By Terah Clifford
The familiar dread filled me. How to answer the basic small talk question, an iteration of “Where are you from?” Usually, I deflect the essence of the question with less than a dozen well-rehearsed words that encapsulate my geographical locations over the years, wrapping the answer into a well contained package with a tidy enough bow on top that we can all move on to the other, obviously more important topics such as work, majors, actually yes, it is quite warm in here. But this time, the questions were posed as “Where do you belong? What is your lineage?” a string of inquires meant to push to the core. For me, these deeper questions of belonging, lineage, identity, are confused by too many things to explain in a few minutes, but sometimes I try anyway: immigration, multiracial, adoption… but ultimately, sometimes, we come to the answer with the most truth in it: unknown.
This lack of belonging, this sense of internal disorientation is hard to reconcile, especially when conversations like this arise. I know this situation is not unique to me. While this causes an opportunity for self-reflection for me, this lack of belonging has much deeper implications on a wider scale. During several sessions this week, discussions arose regarding the underlying motivations for joining street gangs. Issues of identity, belonging, loneliness, and security topped the list. A solution to the issue of violence, shootings, blood on the streets, does not start with expecting our police force to stop these explosions of violence at the moment of impact. Failing to address the fundamental issues that result in death and destruction is an act of violence just as profound but profoundly harder to quantify than killing someone with a bullet.
If we don’t want our youth to turn to a group that offers them security, training, opportunities for advancement, support, and financial provision but that happens to be classified as a gang, then we need to rewind and go all the way back to the root when we look at solutions.
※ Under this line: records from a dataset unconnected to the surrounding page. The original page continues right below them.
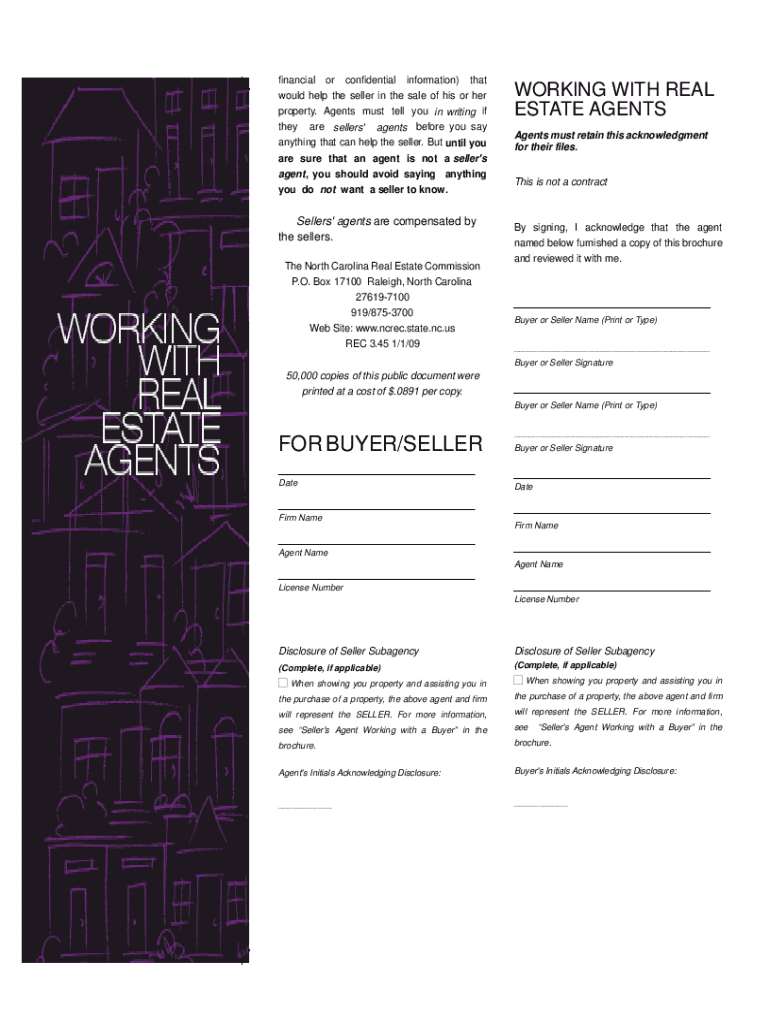 Working with Real Estate Agents Brochure  Signature Real Estate  Form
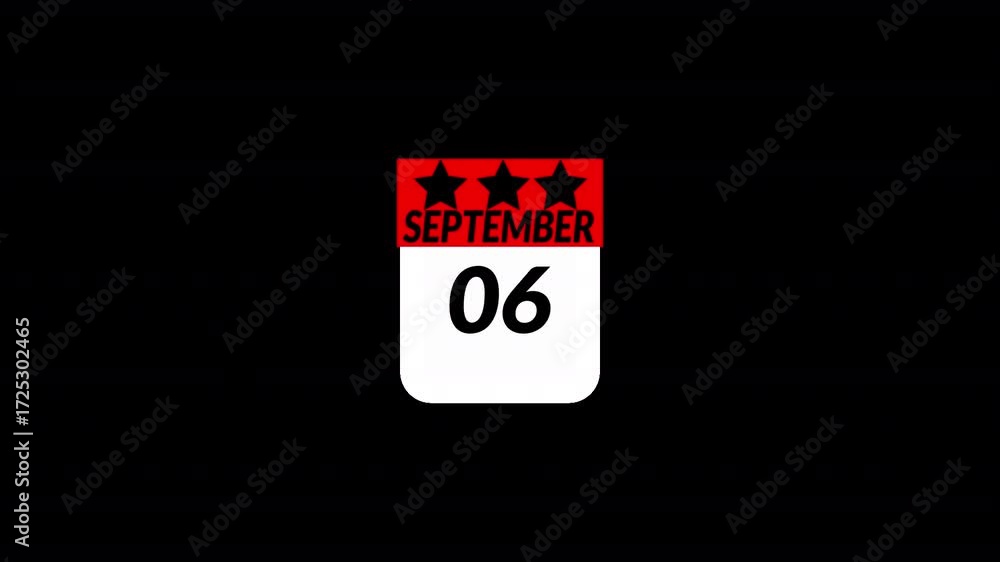 September month Calendar animation video of September month with transparent background, September month calendar animation video. transparent background Calendar animation of September month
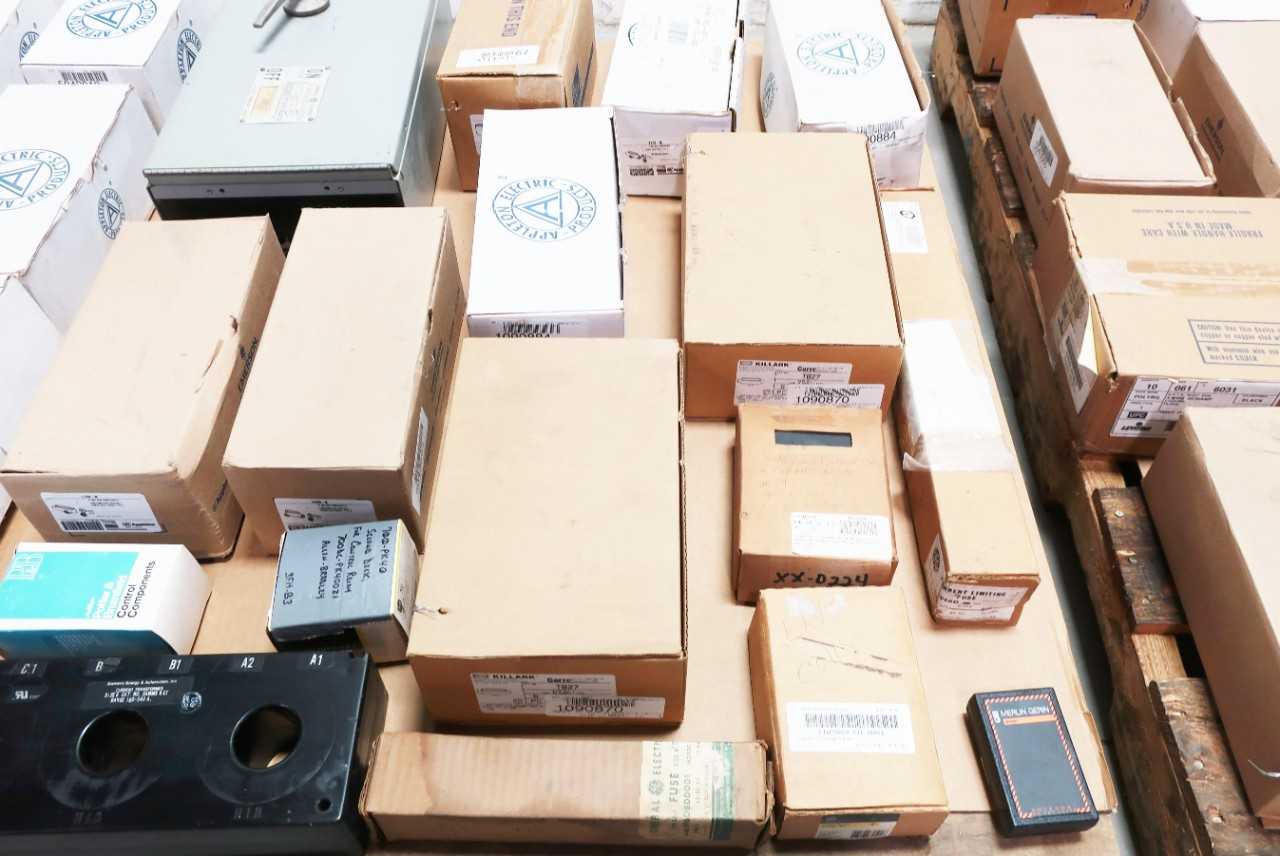 2 PALLETS OF ASSORTED ELECTRICAL PARTS - ELECTRICAL COMPONENTS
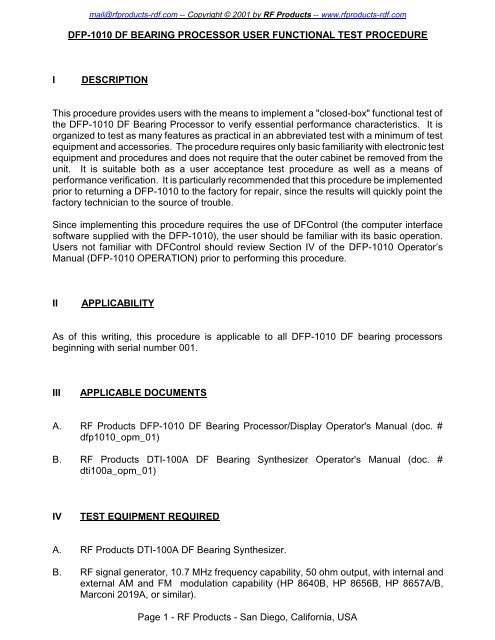 DFP-1010 RS-232 DF Bearing Processor User ... - RDF Products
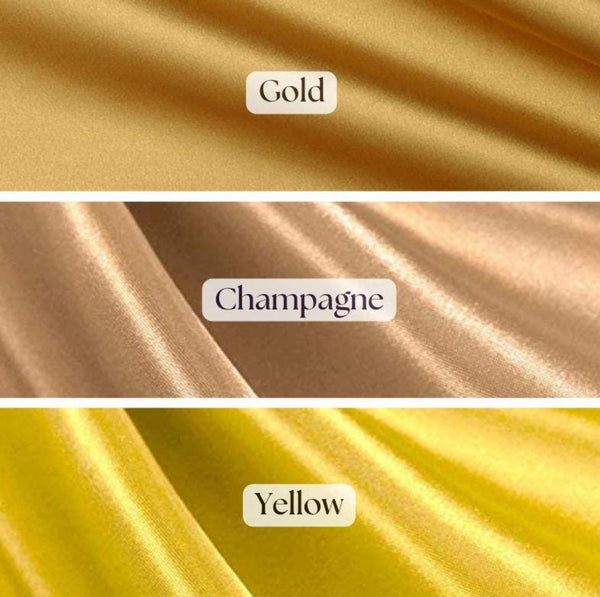 Stretch satin fabric swatch available for Bellz Couture semi-custom prom gown orders — fabric selection option in gold
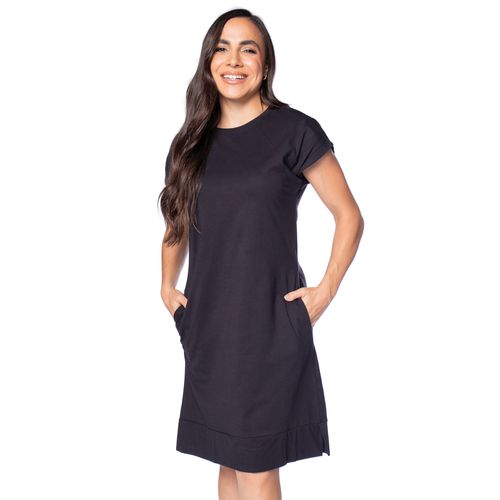 Vestido Feminino Giraffe Curto Fenda Lateral Preto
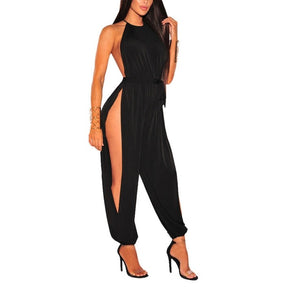 Frauen aushöhlen Jumpsuit Lässige ärmellose O-Neck Gürtel Jumpsuit Sexy Lace Up Slim Strampler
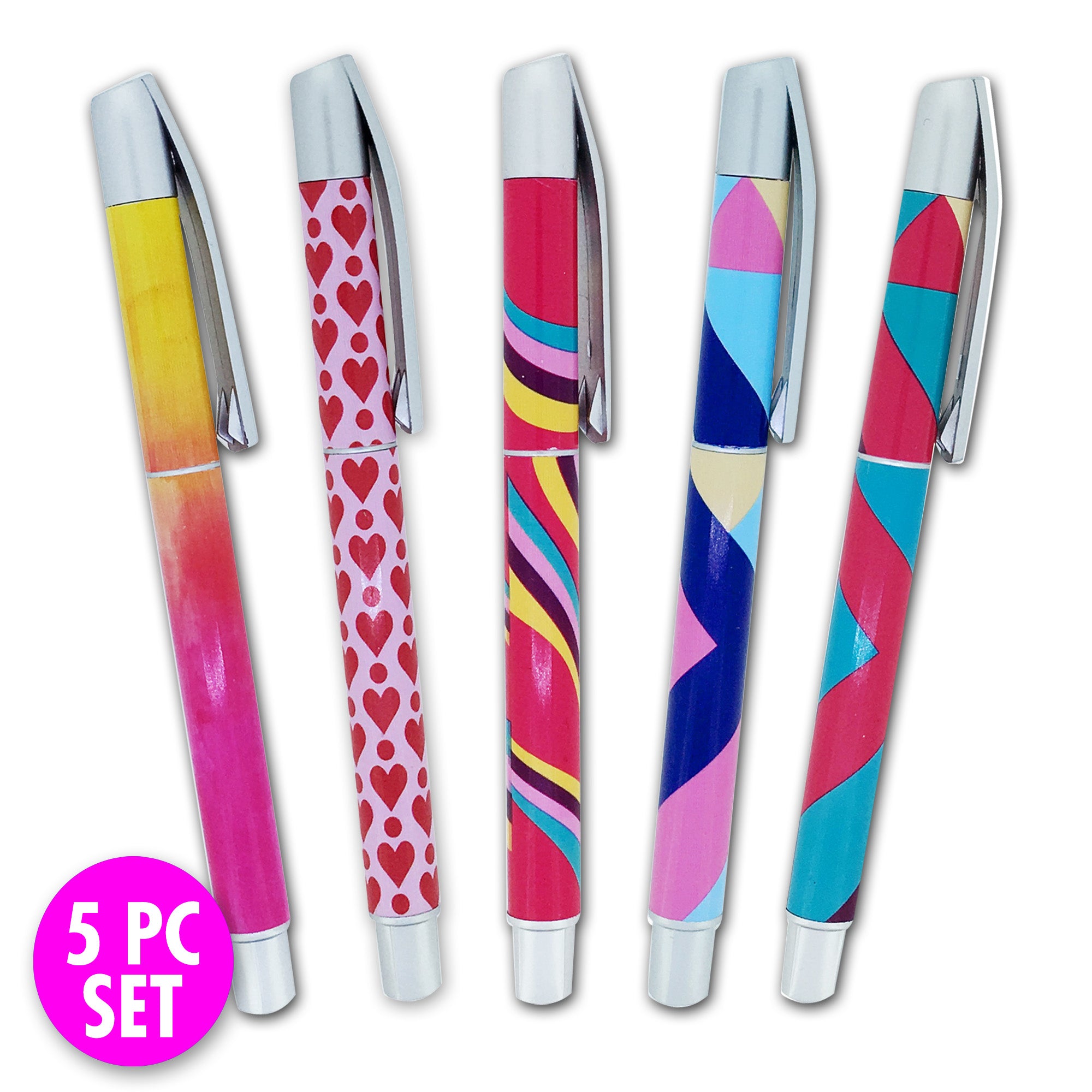Silver Clip Pen Set - 5pc Bundle Set 3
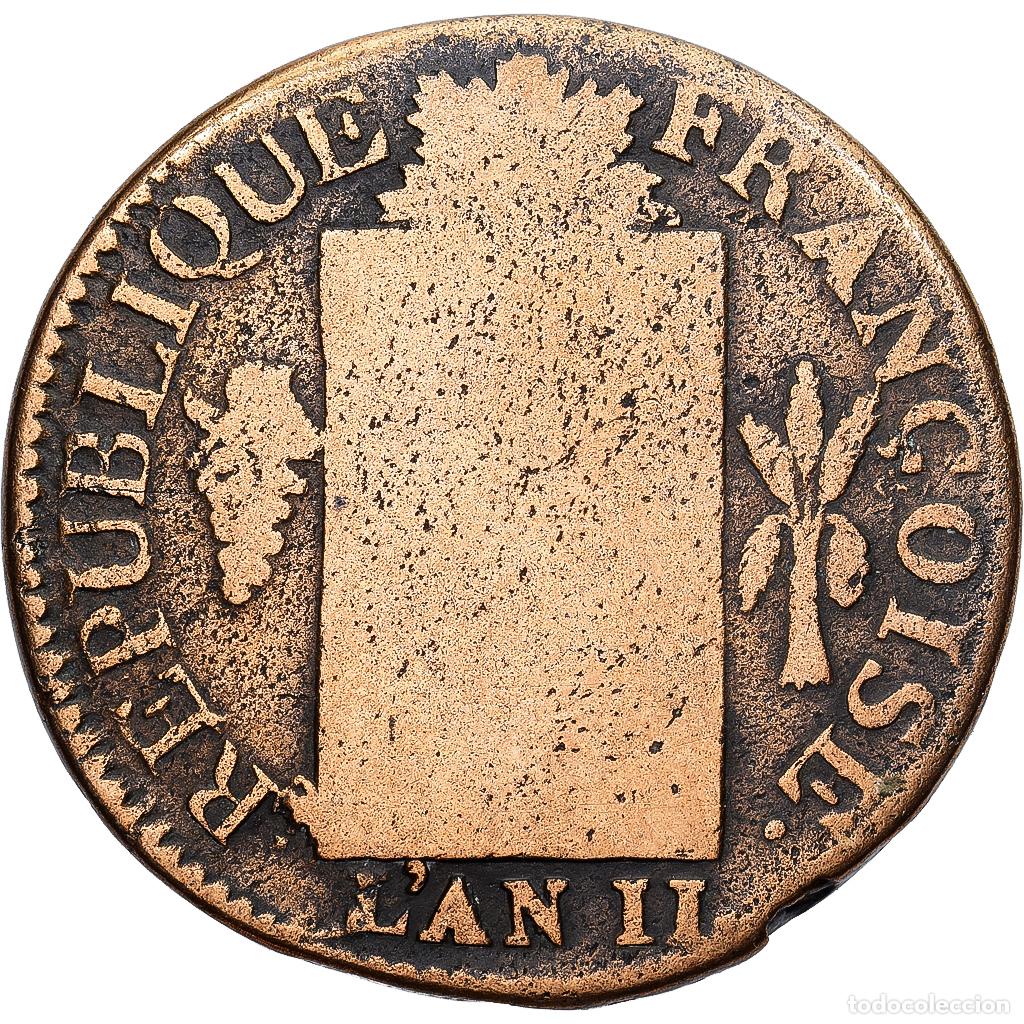 Monedas antiguas de Europa: [#1224111] Francia, Sol, 1793 - AN II, Metz, Sol &agrave; la balance, Cobre, BC, Gadoury:19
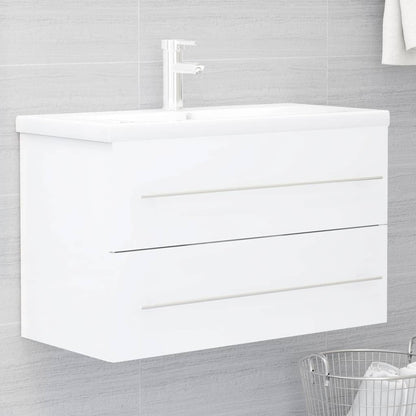 vidaXL Sink Cabinet | White | Engineered wood | 80 x 38.5 x 48 cm | Sink Cabinet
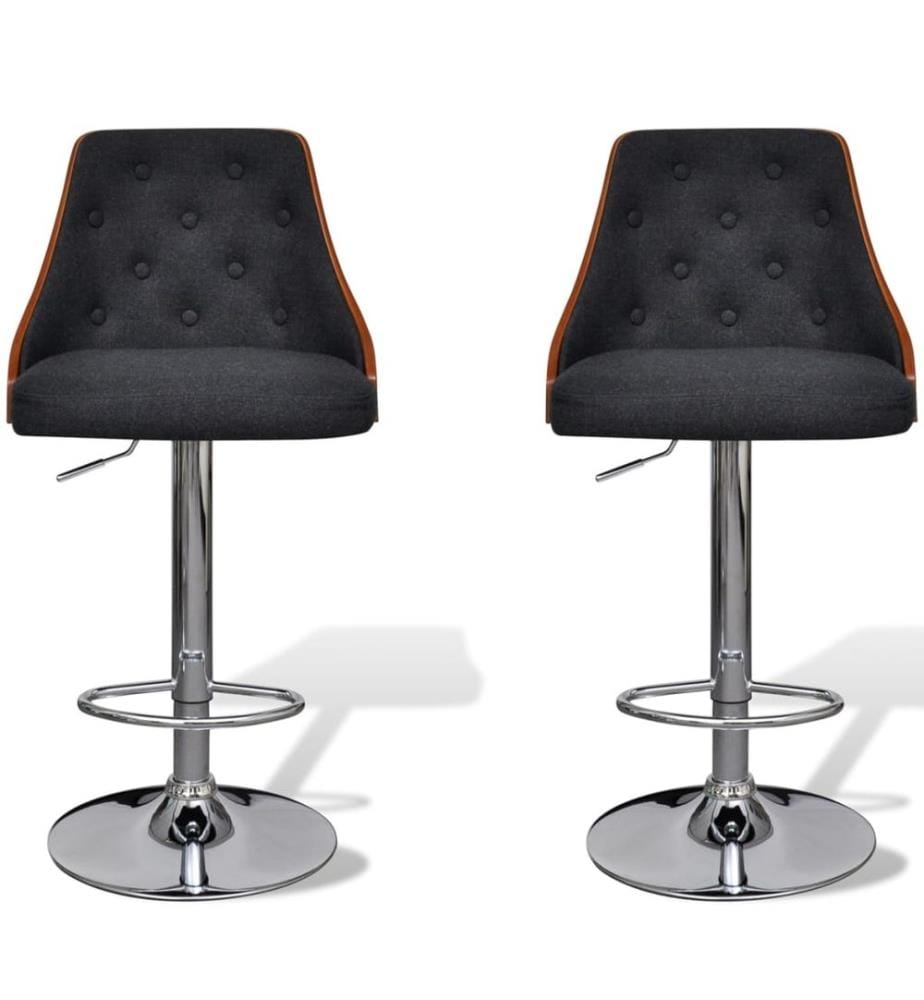 Barhocker 2 Stk. Bugholz und Stoff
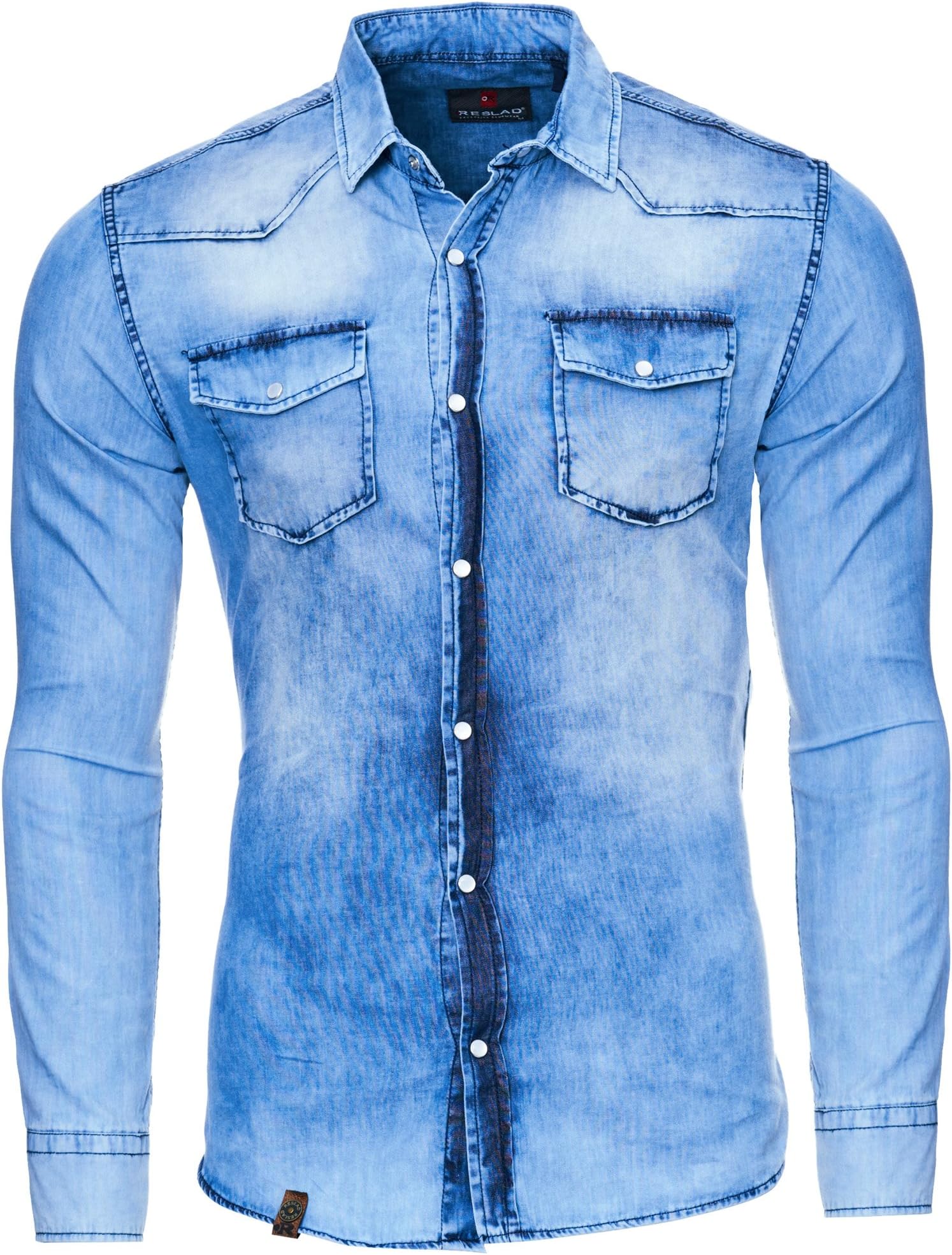 Reslad Men's Slim Fit Vintage Denim Shirt Wash Blue Leisure Shirt 100% Cotton; RS-7109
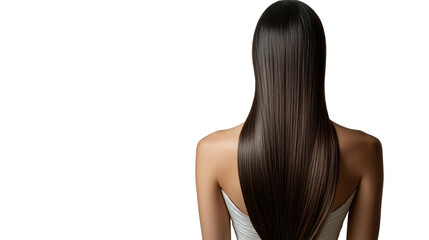 Obraz premium Back view of a sleek and shiny hairstyle, capturing elegance and modern beauty.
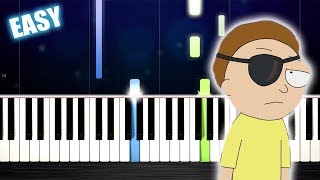 Evil Morty&#39;s Theme (For The Damaged Coda) - EASY Piano Tutorial by PlutaX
Providing after-school programs, food, social services is a start, and there are many agencies and nonprofits that are working hard and succeeding at providing these services. But if these are to be effective in lasting ways, then we need to address issues of identity, belonging, alienation, and loneliness.
While continuing to throw services and resources at the problem slowly moves the point of triage further up the system, it does not ultimately answer the question “Where do I belong?” And thus it can only quiet the emptiness that echoes back when there is no meaningful answer. While these issues may seem like questions better suited for therapists, counsellors, or religious workers, we cannot leave the completely on their shoulders. Healthworkers, service providers, and policy makers at all levels would do well to consider how these human needs drive systemic issues. While it is exciting to witness in recent years the shift in focus from the immediate consequences of violence further down the line to community, educational, and familial factors, this cannot be the final resting place. The next step is to empower articulation of these questions of identity and belonging and work together as communities to find answers. Because while a lack of belonging may merely result in momentary discomfort during icebreakers, it can have fatal consequences and therefore cannot afford to be ignored.